В первый год нашей совместной жизни с Зейнаб я ее вообще ни к кому не ревновал. Я не мог не заметить, и меня это только забавляло, что она с любым человеком, будь то зашедший в квартиру водопроводчик, или продавец в магазине, или родственник, или мальчик, пли старик, если общалась с ним пять — десять секунд, начинала ткать паутину кокетства, хотя ясно было, что с этим человеком она никогда нигде больше не встретится. Наоборот, ревновала она. Несколько раз совершенно без всякого повода она устраивала мне безобразные сцены, и я в общих компаниях почти перестал разговаривать с женщинами. Один раз я случайно застрял на дружеской пирушке, где была одна женщина, не вполне равнодушная ко мне. Зейнаб об этом знала. Когда я пришел домой, она в полуобморочном состоянии лежала в кровати.

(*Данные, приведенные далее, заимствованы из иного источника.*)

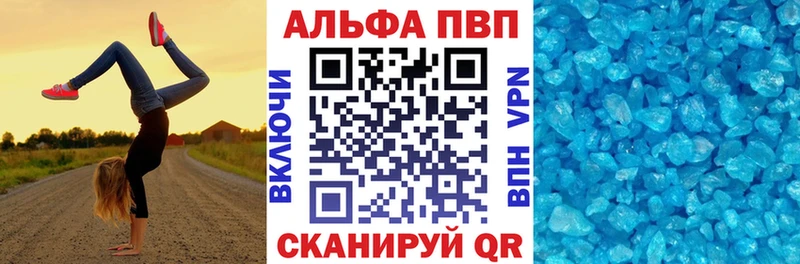 наркота  Зея  A-PVP СК КРИС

Все могло бы повернуться иначе, если б я вовремя сделал вид, что кем-то увлечен. Но это уже потом, когда все кончилось, пришло мне в голову.
Но было и другое, почти с самого начала. Бывало, просыпаюсь ночью, она рядом. Я слушаю ее дыхание, и мне почему-то страшно. Как будто не человек спит рядом, а животное.
И вот еще что. Сейчас это покажется смешным, но это было, и я говорю. Несколько раз на ее бесконечно живом, прекрасном лице мне чудилось клеймо каторжанки. Иногда на лбу. Иногда где-то возле виска. Разумеется, никто у нас не клеймит каторжан, но мне это чудилось.